Tectonic processes could have triggered past mass extinctions, said PSI Senior Scientist John Goodge, a co-author of a new paper showing a tectonic trigger to the first Paleozoic extinction event on Earth, based on geological and paleontological relationships in Antarctica and Australia.
“First, plausible explanations for a known extinction event were lacking, made particularly puzzling because it took place during a time of general biotic expansion, and second, there are few examples where tectonic processes appear to be the trigger – neither exogenic nor purely environmental causes that are commonly called on to explain extinction events. The coincidence of events in both Antarctica and Australia is remarkable,” said Goodge, coauthor of “Tectonic trigger to the first major extinction of the Phanerozoic: The early Cambrian Sinsk event” that appears in Science Advances. Paul M. Myrow is lead author.
The so-called Cambrian ‘explosion’ is arguably the most dramatic expansion of species in Earth history. The Cambrian is the first period in the Paleozoic era, between the end of the Precambrian eon and the beginning of the Ordovician period, lasting from about 540-485 million years ago. This is when the first representatives of our modern animal phyla appear in the fossil record (including our line with backbones) and larger multicellular organisms with hard body parts began to flourish (such as the first trilobites and brachiopods).

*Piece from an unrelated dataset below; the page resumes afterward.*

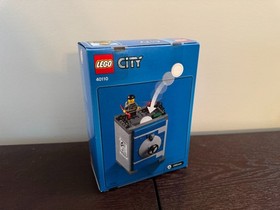 LEGO City 40110 Coin Bank - Buildable Safe with Minifigure (New/Sealed) Retired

“Despite the success stories, there were some setbacks, including the extinction event we cite called the Sinsk event, which is known from fossil occurrences in Russia. As with other prominent extinctions – like the dramatic loss of dinosaurs and the earlier ‘mother of mass extinctions’ at the end of the Permian when approximately 90% of marine species were lost – there is a lot of debate about causation,” Goodge said.
Common explanations include bolide impacts, hothouse/icehouse fluctuations, and environmental degradation or catastrophe (such as atmospheric change due to volcanism, or seawater changes such as loss of oxygen). So some can be rapid or more gradual changes. In this case, the authors suggest that it was plate tectonics that triggered a major upset in the marine environment (first whammy) that was then exacerbated by follow-on changes in atmosphere and seawater composition (second whammy) that sealed the deal.
“This was a tremendously fun paper to write and illustrates how important Antarctica’s geology is to understanding global problems,” Goodge said.